To restore its reputation and humanity, Stanford must support students, alumni, faculty and staff with Long COVID and their caregivers, and work to prevent additional cases of Long COVID in our community. If Stanford’s president graces a pandemic-related campus event with his imprimatur, it should be to benefit patients at Stanford’s Long COVID clinic, not to benefit those who brought about the population of that clinic. Stanford Medical School, whose students vow to do no harm, should don PPE for IPC and seek effective treatments for Long COVID patients rather than harming us further by supporting our abusers. The people who should be platformed at Stanford and who should lead our nation’s health agencies are the trained scientists without conflicts of interest who have been consistently correct in their assessments and predictions about public-health threats, not physician-intellectuals funded by partisan think tanks and beholden to EBM and outdated dogma who have been consistently and devastatingly wrong. Plenty of venues are available to people who wish to spread misinformation, including that which results in crimes against humanity. Stanford need not be one of them.
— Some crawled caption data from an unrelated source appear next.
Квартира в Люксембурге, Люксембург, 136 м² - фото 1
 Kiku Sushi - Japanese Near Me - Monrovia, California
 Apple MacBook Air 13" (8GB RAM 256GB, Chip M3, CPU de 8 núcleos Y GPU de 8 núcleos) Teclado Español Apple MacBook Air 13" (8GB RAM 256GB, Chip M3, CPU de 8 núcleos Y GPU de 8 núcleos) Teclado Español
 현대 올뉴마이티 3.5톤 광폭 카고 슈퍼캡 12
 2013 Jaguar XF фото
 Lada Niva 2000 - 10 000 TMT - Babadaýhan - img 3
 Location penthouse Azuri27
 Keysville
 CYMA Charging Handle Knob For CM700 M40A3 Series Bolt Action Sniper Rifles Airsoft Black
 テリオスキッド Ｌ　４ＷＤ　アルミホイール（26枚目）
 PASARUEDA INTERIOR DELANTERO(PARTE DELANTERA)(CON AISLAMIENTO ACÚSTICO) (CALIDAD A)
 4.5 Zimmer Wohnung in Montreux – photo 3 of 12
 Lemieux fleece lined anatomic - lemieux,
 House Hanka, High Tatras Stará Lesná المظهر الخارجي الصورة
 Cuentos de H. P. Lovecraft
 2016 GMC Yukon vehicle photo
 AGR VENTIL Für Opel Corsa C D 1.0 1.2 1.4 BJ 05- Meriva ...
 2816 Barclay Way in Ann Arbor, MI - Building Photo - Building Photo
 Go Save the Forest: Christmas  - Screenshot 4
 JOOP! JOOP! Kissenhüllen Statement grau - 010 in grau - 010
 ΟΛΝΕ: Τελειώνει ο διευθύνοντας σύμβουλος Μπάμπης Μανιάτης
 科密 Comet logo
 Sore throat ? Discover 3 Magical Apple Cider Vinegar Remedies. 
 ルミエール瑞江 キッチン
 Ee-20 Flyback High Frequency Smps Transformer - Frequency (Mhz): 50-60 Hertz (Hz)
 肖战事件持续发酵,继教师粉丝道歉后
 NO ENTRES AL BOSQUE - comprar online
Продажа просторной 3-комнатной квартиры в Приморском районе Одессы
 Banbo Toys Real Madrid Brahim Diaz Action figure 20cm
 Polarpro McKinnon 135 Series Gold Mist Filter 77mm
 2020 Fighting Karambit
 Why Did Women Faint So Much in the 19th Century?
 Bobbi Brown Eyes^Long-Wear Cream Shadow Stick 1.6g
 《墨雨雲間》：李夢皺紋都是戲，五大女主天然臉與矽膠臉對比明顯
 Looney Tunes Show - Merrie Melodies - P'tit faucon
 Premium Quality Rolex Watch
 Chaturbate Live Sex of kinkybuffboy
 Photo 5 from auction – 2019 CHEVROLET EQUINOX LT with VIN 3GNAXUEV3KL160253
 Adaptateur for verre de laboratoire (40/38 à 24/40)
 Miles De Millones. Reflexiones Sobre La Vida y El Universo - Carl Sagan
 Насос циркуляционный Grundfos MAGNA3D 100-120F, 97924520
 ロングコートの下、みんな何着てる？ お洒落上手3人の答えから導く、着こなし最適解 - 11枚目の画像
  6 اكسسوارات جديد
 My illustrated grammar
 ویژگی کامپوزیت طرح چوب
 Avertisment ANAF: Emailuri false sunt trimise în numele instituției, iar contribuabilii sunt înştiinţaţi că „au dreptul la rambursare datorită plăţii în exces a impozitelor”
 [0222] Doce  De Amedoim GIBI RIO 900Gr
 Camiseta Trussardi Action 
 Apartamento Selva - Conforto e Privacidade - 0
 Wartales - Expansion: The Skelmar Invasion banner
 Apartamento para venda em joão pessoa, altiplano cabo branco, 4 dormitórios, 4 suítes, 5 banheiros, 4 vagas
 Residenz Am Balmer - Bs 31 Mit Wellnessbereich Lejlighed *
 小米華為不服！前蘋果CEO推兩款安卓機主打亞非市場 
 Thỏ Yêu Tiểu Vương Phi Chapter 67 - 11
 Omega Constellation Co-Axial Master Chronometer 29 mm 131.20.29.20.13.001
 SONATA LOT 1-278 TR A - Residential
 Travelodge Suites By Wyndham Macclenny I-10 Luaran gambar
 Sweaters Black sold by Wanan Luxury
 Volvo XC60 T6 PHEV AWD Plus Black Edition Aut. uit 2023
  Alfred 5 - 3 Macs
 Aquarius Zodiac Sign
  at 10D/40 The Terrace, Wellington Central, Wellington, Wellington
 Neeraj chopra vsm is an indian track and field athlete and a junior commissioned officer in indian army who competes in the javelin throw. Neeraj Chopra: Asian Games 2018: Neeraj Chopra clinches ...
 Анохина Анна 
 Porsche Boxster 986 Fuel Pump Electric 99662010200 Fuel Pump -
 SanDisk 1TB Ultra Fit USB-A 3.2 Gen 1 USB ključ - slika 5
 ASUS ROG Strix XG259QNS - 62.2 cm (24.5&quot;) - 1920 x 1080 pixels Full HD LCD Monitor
Many people with infection-associated chronic conditions are looking on in escalating apprehension as speakers from this Long COVID-denying Stanford conference are being elevated to positions of power over how soon treatments and cures will offer relief to patients. This “conference about pandemic misinformation featuring its biggest purveyors,” as Stanford faculty member Pantéa Javidan called it, and particularly President Levin’s participation, are a slap in the face to all of us in the Stanford community who are battling Long COVID. And they are a slap in the face to every person whom these speakers will continue to have a hand in killing or disabling, including maybe even you.
Rena Rudy ’98 is an award-winning social science researcher currently studying Long COVID risk factors with a team from Brighton and Sussex Medical School.